_TASK PROMPT_. In the entries below, find the line containing "Hello Windows Universe!" and the line containing "If this guide". Copy those two lines and everything between them exactly, without the pictures.

_RAW DATA_.

▼▼▼

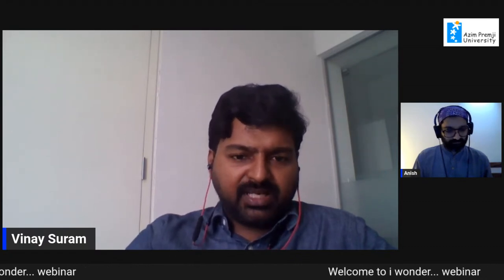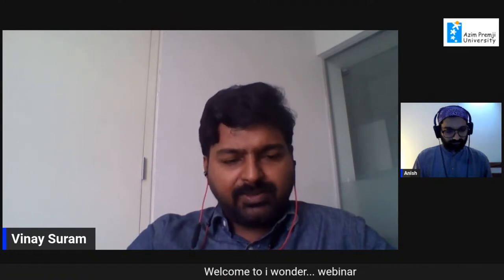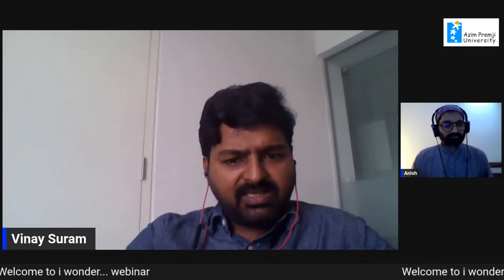Good evening everyone, welcome to our July webinar. I am Vinay Suram, I work as a resource person, teacher, and educator at Azim Premji Foundation. I also work as a field editor for iBunder. For those of you joining us for the first time, iBunder is a science magazine for middle and high school teachers. It features writings about the many dimensions of teaching and learning of science, inside the classroom and outside it.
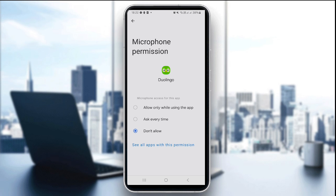The second thing is to test with other apps. Check if your microphone works in apps like Voice Recorder or WhatsApp. If it doesn't, the problem might be with your phone, not Duolingo.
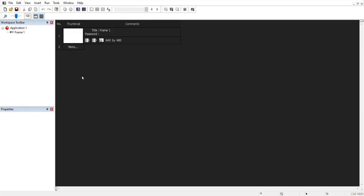I'm using the full bought version of Clickteam Fusion, not the developer's version. You can use the free version, but just know there are some limitations — you'll have more restrictions on what you can add, especially in the frame editor, and I'm not sure if you can export games either. With that said, we'll pretty much just get right into it.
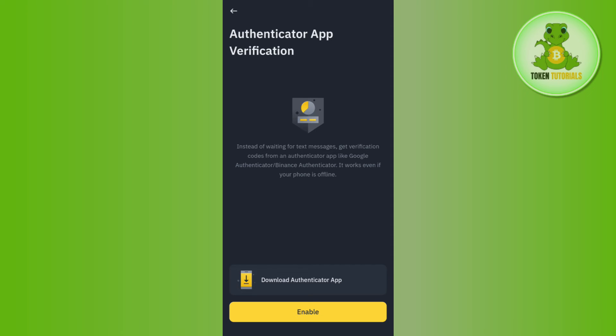After that, you just have to turn off the toggle button next to Google Authenticator in order to confirm that you want to disable Google Authenticator on Binance. And this is how you can easily do this.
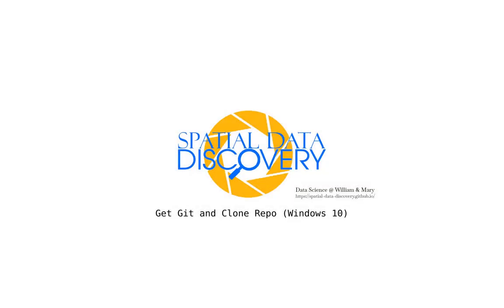Hello and welcome to an episode of Spatial Data Discovery. Today we're going to be looking at how to git and clone the class repository on Windows.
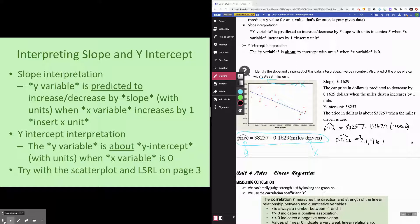That's it for the basics of least squares regression lines. I will see you all in the next video. Bye, everybody.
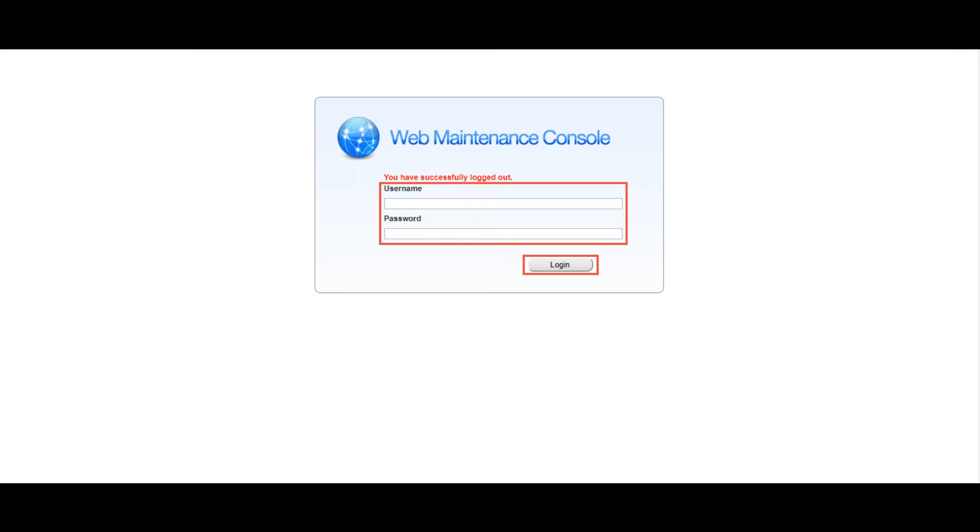Hello all. Today we are going to see how to register a phone in Panasonic NS1000 PBX.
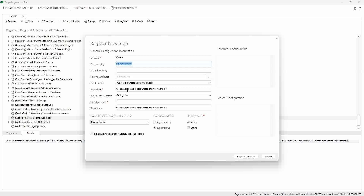The remaining configuration will fill in automatically. The stage and execution mode can be configured as synchronous or asynchronous depending on your requirements. I'm keeping it synchronous because I want to see any error messages if the webhook fails. It is a post-operation stage. Also note that for webhook steps, the secure and unsecure configuration fields are disabled - those only work for regular plugin steps, not webhooks.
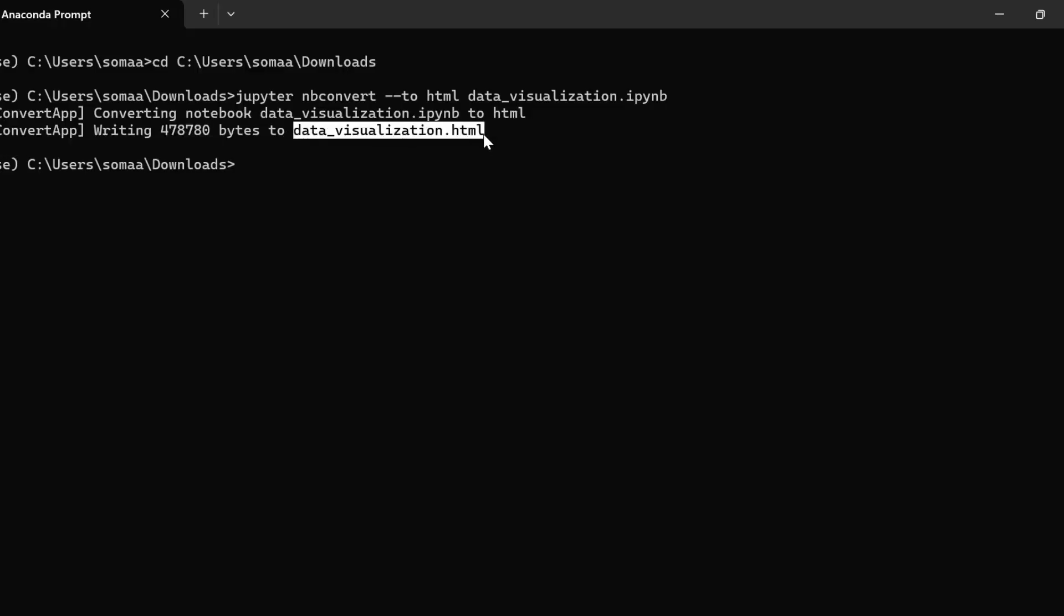If we want to export it to PDF, we first have to make sure that we have LaTeX installed.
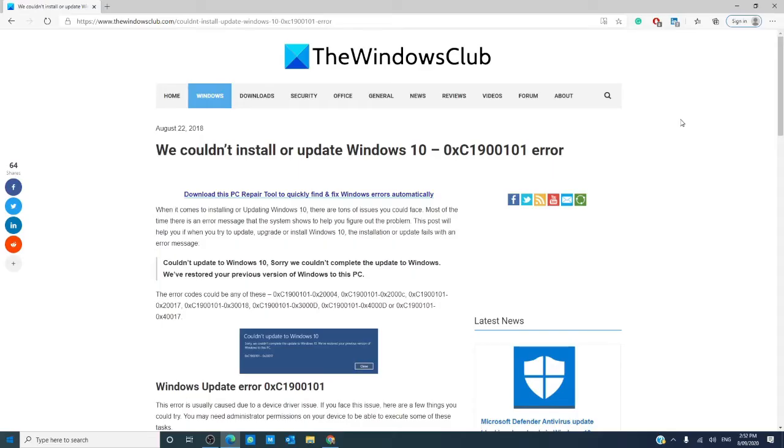Hello Windows Universe! Michael with the Windows Club. In this video, we will look at what you can do if you receive the 0xC1900101 error.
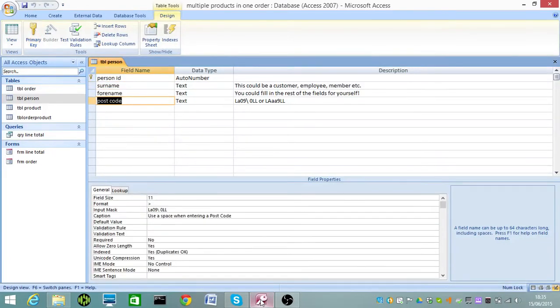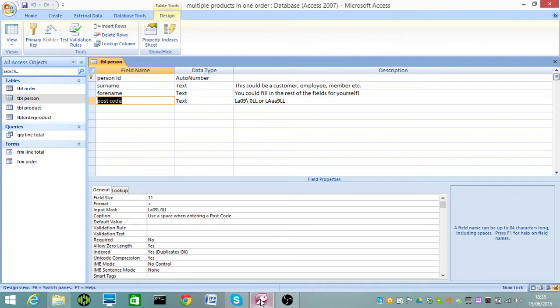You wait for a load of buses and then a load come all at once. Inspections, busy social life, my business, I've all kept me busy for a while.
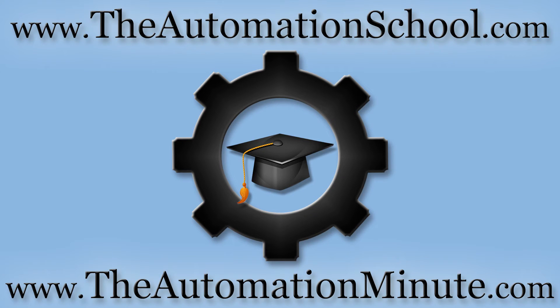Well, that's it for today's episode of the Automation Minute Flashback. If you'd like to know how to get my complete PanelView Plus training course when it's available, click on the link in this video's description or visit theautomationschool.com.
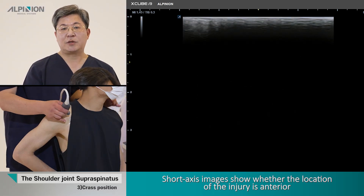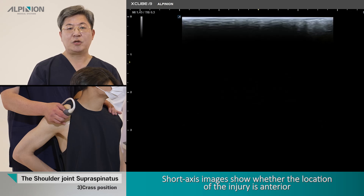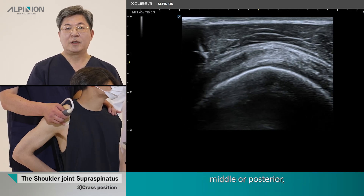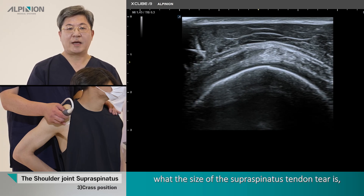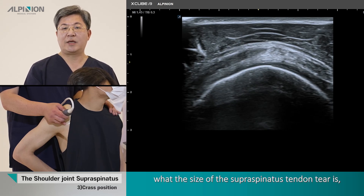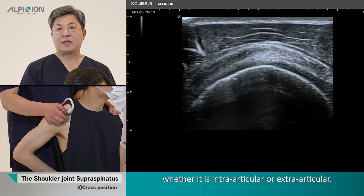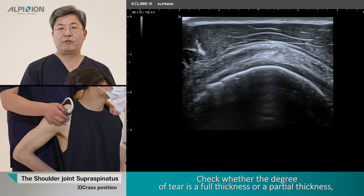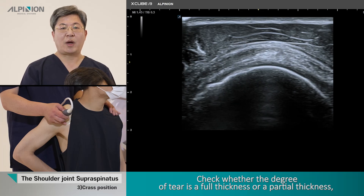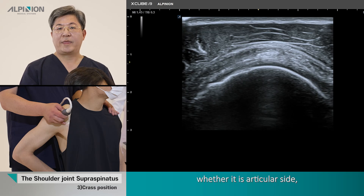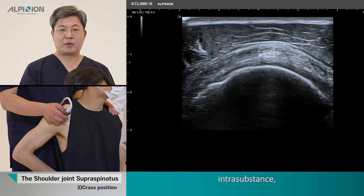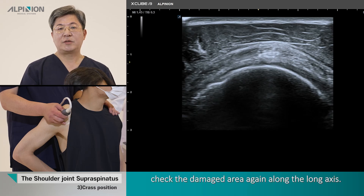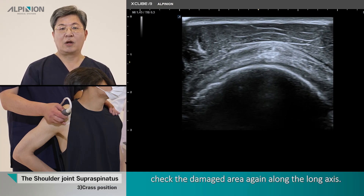The short axis image shows whether the location of the injury is anterior, middle, or posterior. If there is a tear, assess the size of the supraspinous tendon tear, and whether it is intraarticular or extraarticular. Check whether the degree of the tear is full thickness or partial thickness, and furthermore, whether it is on the articular side, intra-substance, or bursal side. Then check the damaged area again along the long axis.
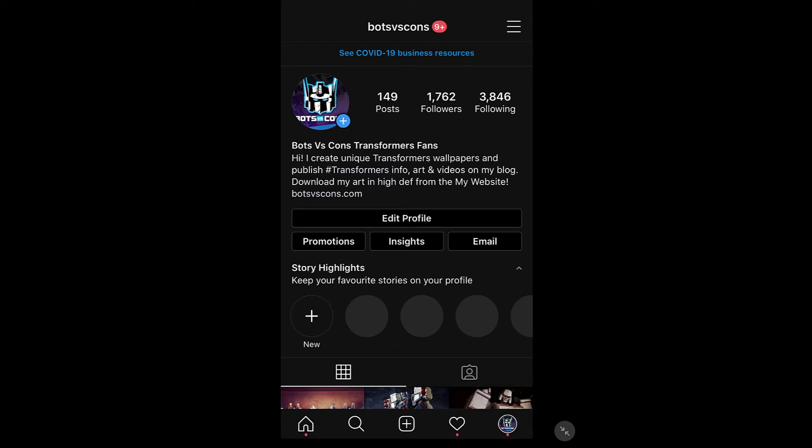Hi guys, it's Wade McMaster here. In this video, I wanted to talk to you about how you can see when your Instagram followers are online — like what times of the day and what days — so you can better choose when to post and reach those people.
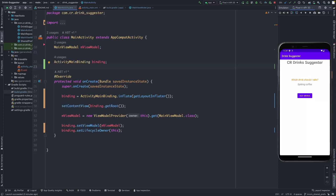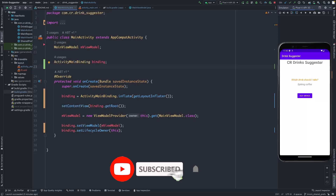That's it for today. Thank you for watching this tutorial on Android data binding. We hope this video has provided you with valuable insights on how to leverage data binding in your Android app development projects. If you have any questions or comments, please leave them in the comment section below, and don't forget to subscribe to our channel for more Android development tutorials and tips.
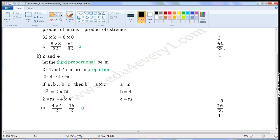We can write 2 into M is equal to 4 squared, which means we multiply 4 two times: 4 into 4. To find M, we transpose 2 from LHS to RHS. Since 2 is the multiplier, when transposed it becomes the divisor. So M is equal to 4 into 4 divided by 2. 4 into 4 is 16, so it will be equal to 16 by 2.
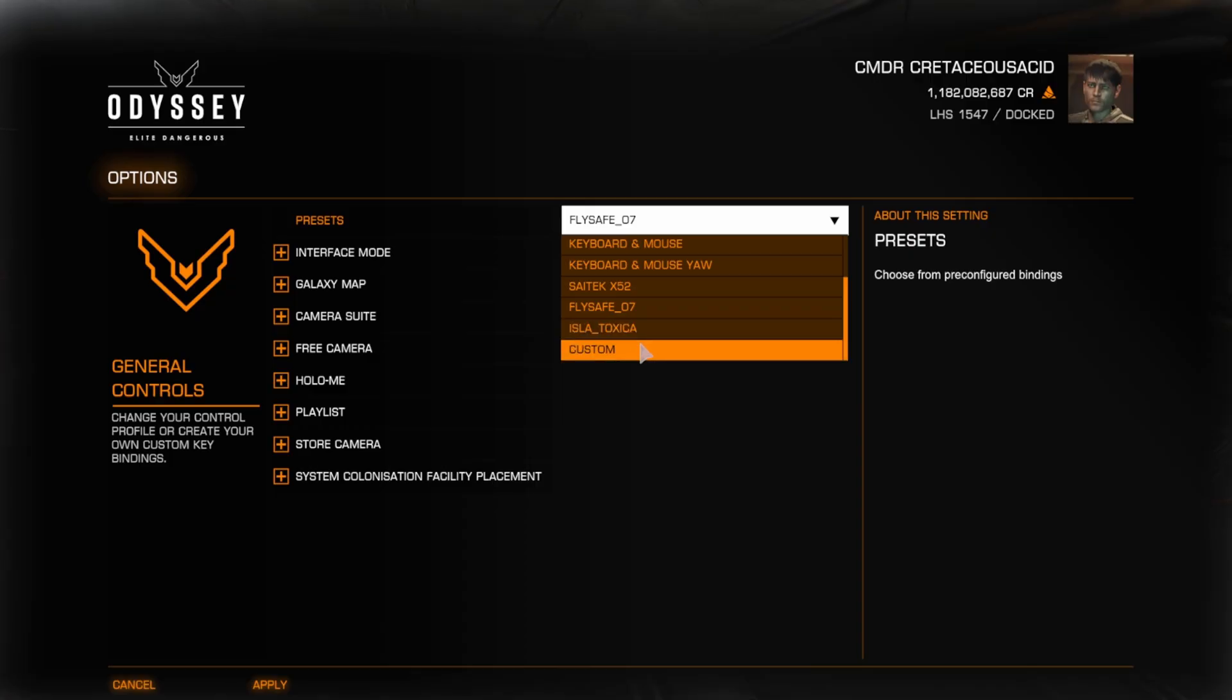If this guide helped you out, Commanders, make sure you guys leave a like, subscribe, and follow for more Elite Dangerous tips and tricks.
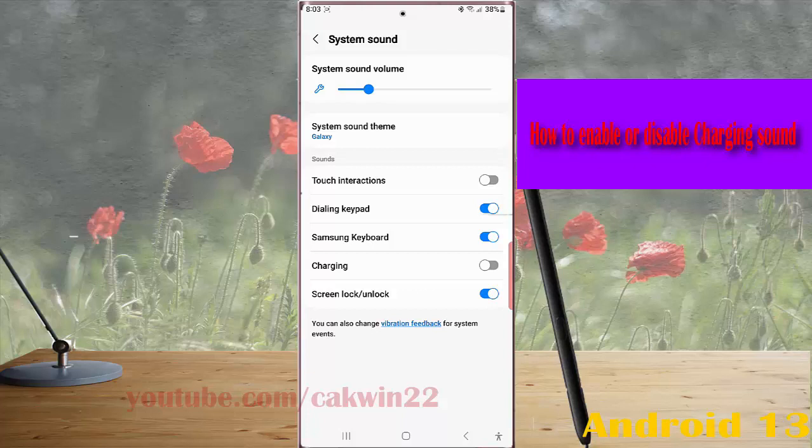When the switch turns blue, it means the option is on and your phone will play the system sound when you start charging.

▲▲▲

_SOLVED PROBLEM_.
Hello Windows Universe! Michael with the Windows Club. In this video, we will look at what you can do if you receive the 0xC1900101 error.
You wait for a load of buses and then a load come all at once. Inspections, busy social life, my business, I've all kept me busy for a while.
Well, that's it for today's episode of the Automation Minute Flashback. If you'd like to know how to get my complete PanelView Plus training course when it's available, click on the link in this video's description or visit theautomationschool.com.
The short axis image shows whether the location of the injury is anterior, middle, or posterior. If there is a tear, assess the size of the supraspinous tendon tear, and whether it is intraarticular or extraarticular. Check whether the degree of the tear is full thickness or partial thickness, and furthermore, whether it is on the articular side, intra-substance, or bursal side. Then check the damaged area again along the long axis.
Hi guys, it's Wade McMaster here. In this video, I wanted to talk to you about how you can see when your Instagram followers are online — like what times of the day and what days — so you can better choose when to post and reach those people.
That's it for today. Thank you for watching this tutorial on Android data binding. We hope this video has provided you with valuable insights on how to leverage data binding in your Android app development projects. If you have any questions or comments, please leave them in the comment section below, and don't forget to subscribe to our channel for more Android development tutorials and tips.
We can write 2 into M is equal to 4 squared, which means we multiply 4 two times: 4 into 4. To find M, we transpose 2 from LHS to RHS. Since 2 is the multiplier, when transposed it becomes the divisor. So M is equal to 4 into 4 divided by 2. 4 into 4 is 16, so it will be equal to 16 by 2.
If this guide helped you out, Commanders, make sure you guys leave a like, subscribe, and follow for more Elite Dangerous tips and tricks.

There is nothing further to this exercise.